Os Estados e municípios terão, portanto, ganhos substanciais nos dois casos. E neles a capital paulista será o maior beneficiado. São Paulo estava numa situação particularmente delicada por causa de uma decisão infeliz da então prefeita Marta Suplicy. Em novembro de 2002, a Prefeitura deveria amortizar R$ 3 bilhões da dívida, conforme estabelecia o acordo de renegociação assinado em maio de 2000 por Celso Pitta, então prefeito, com o governo federal, para que ela continuasse sendo corrigida pelo IGP-DI mais 6%.
Como isso não foi feito, a correção passou a ser feita por um índice bem mais pesado - o IGP-DI mais 9%. Além disso, o índice incidiu retroativamente e provocou um grande crescimento do saldo da dívida, cuja amortização passou a exigir um esforço maior da Prefeitura. Tudo indica que Marta Suplicy preferiu apostar num alívio da situação durante o governo de Luiz Inácio Lula da Silva, que tomaria posse pouco mais de um mês depois de sua decisão. O alívio não veio e a situação se agravou desde então, por causa da manutenção do indexador da dívida no nível mais elevado.

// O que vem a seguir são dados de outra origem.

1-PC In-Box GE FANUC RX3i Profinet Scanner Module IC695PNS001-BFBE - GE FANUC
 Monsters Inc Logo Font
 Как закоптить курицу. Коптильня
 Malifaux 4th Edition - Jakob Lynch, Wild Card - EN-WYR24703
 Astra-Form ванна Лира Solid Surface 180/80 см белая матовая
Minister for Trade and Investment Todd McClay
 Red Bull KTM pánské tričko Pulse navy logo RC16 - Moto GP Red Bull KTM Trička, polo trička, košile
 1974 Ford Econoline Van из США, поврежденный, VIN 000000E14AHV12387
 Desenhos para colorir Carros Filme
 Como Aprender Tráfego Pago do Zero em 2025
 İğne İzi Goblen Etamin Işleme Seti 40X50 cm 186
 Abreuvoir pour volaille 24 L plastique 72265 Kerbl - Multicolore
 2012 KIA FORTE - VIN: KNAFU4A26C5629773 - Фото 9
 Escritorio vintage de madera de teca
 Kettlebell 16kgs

São Paulo é o grande ganhador nisso e também na redução do estoque da dívida. Daqueles R$ 59 bilhões, R$ 24 bilhões referem-se aos Estados e R$ 35 bilhões aos municípios. E destes nada menos do que R$ 26 bilhões são de São Paulo, cuja dívida passará de R$ 62 bilhões para R$ 36 bilhões, uma diminuição de 42%. Tudo isso permitirá à Prefeitura paulistana aumentar consideravelmente sua capacidade de investimento, o que acontecerá "gradualmente, em menos de seis anos", segundo Haddad.
Entre os outros beneficiários das mudanças está o Rio Grande do Sul, um dos Estados mais endividados. O Estado de São Paulo também terá ganho significativo, embora em prazo mais longo que o da capital. O valor repassado anualmente à União para amortizar a dívida continuará por volta de R$ 14 bilhões, ou 13% do orçamento. Mas segundo o secretário estadual da Fazenda, Andrea Calabi, a diferença é que, com o novo indexador, o saldo devedor cairá de R$ 130 bilhões para R$ 40 bilhões em 2027.
A necessidade de manter o controle, cada vez mais ameaçado, das contas públicas fez a presidente Dilma Rousseff só ceder no último momento à pressão de sua própria base aliada, da oposição e de governadores e prefeitos para a aprovação do projeto.